We were indoors, and while I wanted to salute because I was full of regret that I wanted to show, we didn’t salute inside without hats. “Sir,” I said.
“Dayton.”
He turned and started walking toward the holding cells at the back of the building. I joined him. “The crew got a call about an unsanctioned boat race happening down shore,” he explained without me having to ask. “As you know, these races can get out of hand pretty quick in the daytime, but at night, they often turn deadly. When the team got there, the majority of the boats took off, but the boat your brother was driving continued on course to what we suspect was the finish line marker before he surrendered.”
“Goddamn it,” I said under my breath.
“Damn fine cigar boat. He’s lucky he didn’t crash it. Those things can cost more than you or I will make in a lifetime,” the Captain responded. My heart flipped over. The cigar boat Dawson had been working on at the marina. He’d fucking stolen it to race? My blood pressure increased about twenty-fold, driven by the regret I was hiding behind the anger. It ran deep. I was angry at both of us.
Captain Andrews stopped outside the holding cell and said, “I’ve pulled some favors, and we’re going to release him with you this time, but it can’t happen again.”

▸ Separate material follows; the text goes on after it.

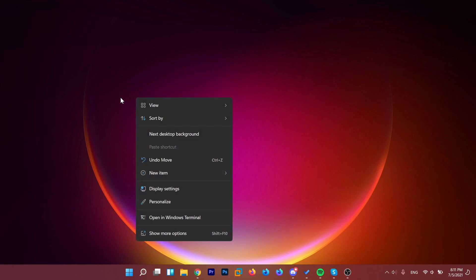If we right-click in an empty space in Windows 11, we will be greeted by this new context menu which doesn't have the refresh button. If we want to access the old context menu, we can click on show more options or use the keyboard combination Shift plus F10.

I didn’t want to know how many favors he’d had to call in if Dawson had stolen the boat.
“Thank you. I’m sorry. It won’t.”
He put a hand on my shoulder. “We all have people in our lives who don’t always make the best decisions, Dayton. We have to try to be there for them, but there’s also a time to cut the ties and let them sink or swim on their own.”
With that, he walked away. I rubbed my eyes, flicked my fingernails together until they hurt, and then opened the door. The one thing the Captain didn’t know was that I hadn’t been there for Dawson. Barely at all. I hadn’t gotten him out of a single jam until now, and even this one I couldn’t really say was because of me. I wasn’t completely sure they wouldn’t have just let him go with a simple warning, anyway. That was what we often did when we found kids racing. We gave them a warning, recorded their name so if they got caught again, they’d face more serious consequences, and then let them go. But we’d never let someone go if we knew they’d stolen a boat. That just didn’t happen.
When I opened the door, Dawson shifted from where he’d been half asleep in the chair to sitting straight up. He looked tired but happy. He was goddamn happy. This sent me over the rails in a new direction.
“You were racing the fucking cigar boat that doesn’t belong to you?” My anger rolled off of me. It was anger directed more at me than at him, and yet, it didn’t prevent me from sending it in his direction.